--- STORED DATA ---
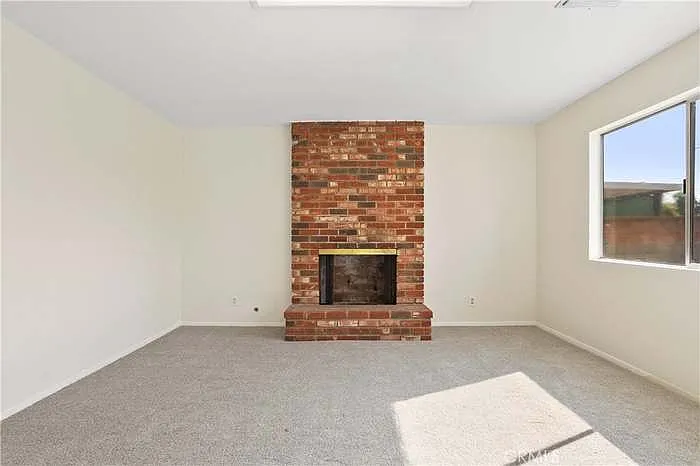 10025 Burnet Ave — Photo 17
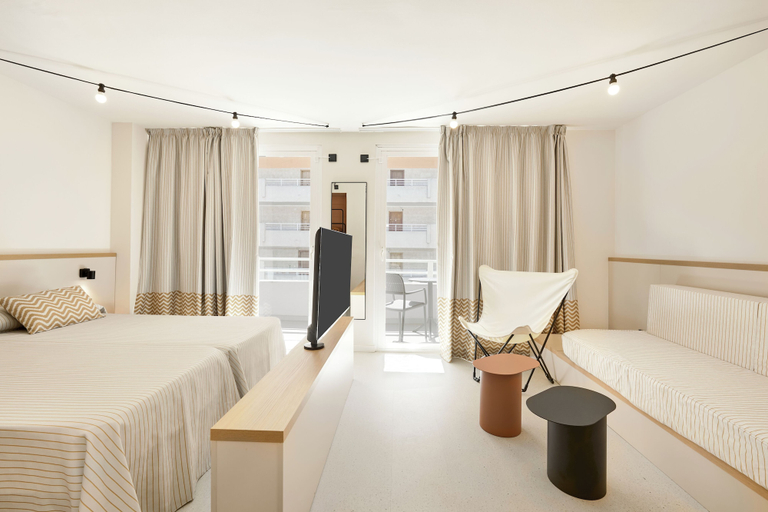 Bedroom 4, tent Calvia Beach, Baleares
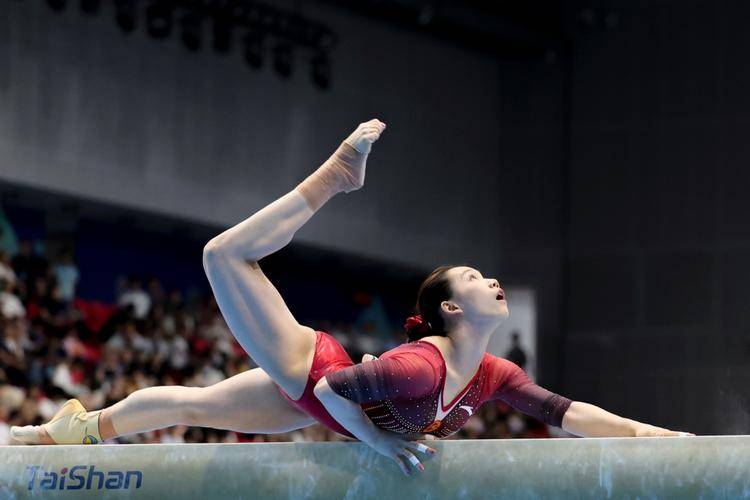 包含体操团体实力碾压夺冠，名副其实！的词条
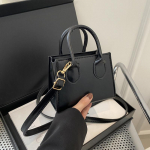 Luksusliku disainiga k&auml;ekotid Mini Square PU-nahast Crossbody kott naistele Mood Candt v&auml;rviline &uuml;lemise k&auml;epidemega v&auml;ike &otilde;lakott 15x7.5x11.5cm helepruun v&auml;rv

--- REQUIRED ACTION ---
Repeat the data exactly, excluding the pictures.

--- WRITTEN ANSWER ---
 10025 Burnet Ave — Photo 17
 Bedroom 4, tent Calvia Beach, Baleares
 包含体操团体实力碾压夺冠，名副其实！的词条
 Luksusliku disainiga k&auml;ekotid Mini Square PU-nahast Crossbody kott naistele Mood Candt v&auml;rviline &uuml;lemise k&auml;epidemega v&auml;ike &otilde;lakott 15x7.5x11.5cm helepruun v&auml;rv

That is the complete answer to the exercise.